Task goal
Write out the whole listing word for word.

Dataset content
****
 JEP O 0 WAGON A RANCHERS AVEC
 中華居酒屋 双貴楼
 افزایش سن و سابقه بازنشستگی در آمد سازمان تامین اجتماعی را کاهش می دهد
****
Result of the exercise
 JEP O 0 WAGON A RANCHERS AVEC
 中華居酒屋 双貴楼
 افزایش سن و سابقه بازنشستگی در آمد سازمان تامین اجتماعی را کاهش می دهد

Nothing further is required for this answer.